Start of RECORDED INFORMATION
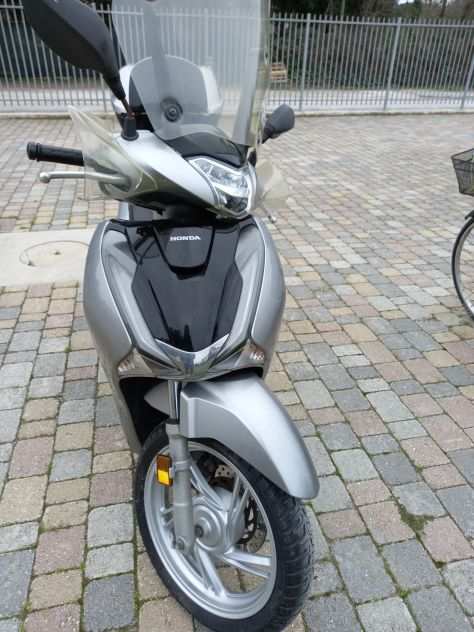 Vendo scoter honda150 grigio metallizzato, cambio gomme e cinghia effettuate va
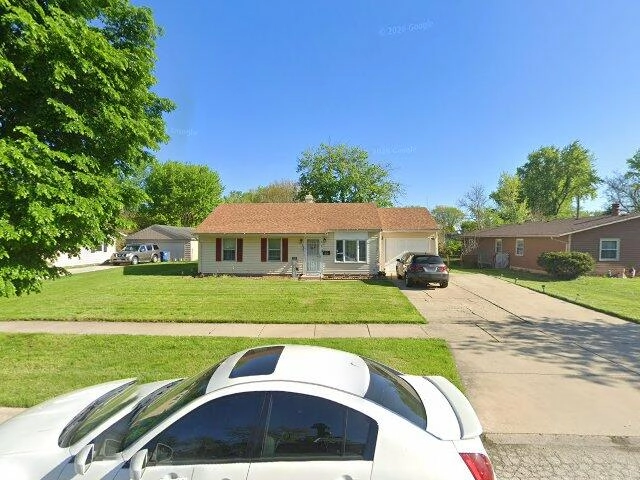 House image located at Aurora, IL 60506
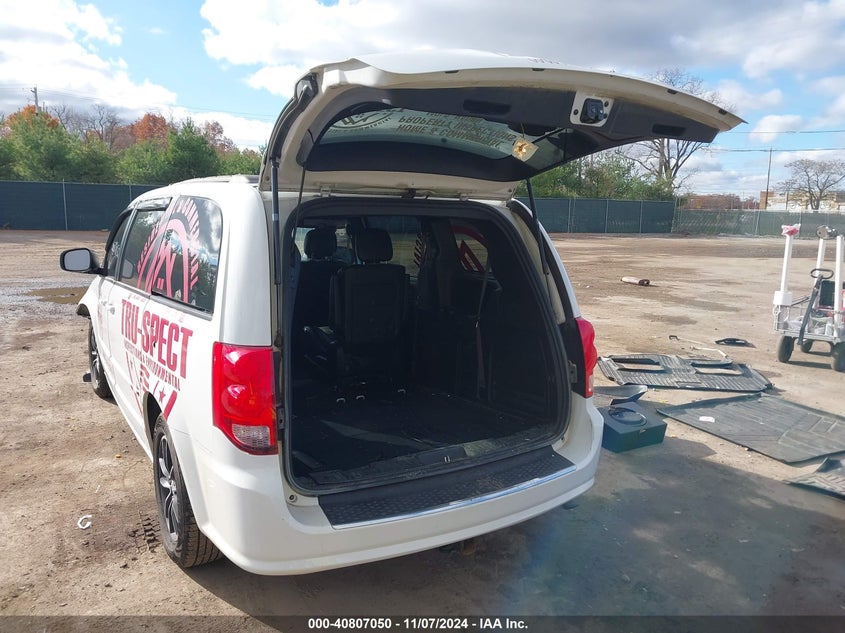 2017 DODGE GRAND CARAVAN VIN: 2C4RDGEG8HR766036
End of RECORDED INFORMATION
Once more, please print the whole listing exactly, omitting each image.

 Vendo scoter honda150 grigio metallizzato, cambio gomme e cinghia effettuate va
 House image located at Aurora, IL 60506
 2017 DODGE GRAND CARAVAN VIN: 2C4RDGEG8HR766036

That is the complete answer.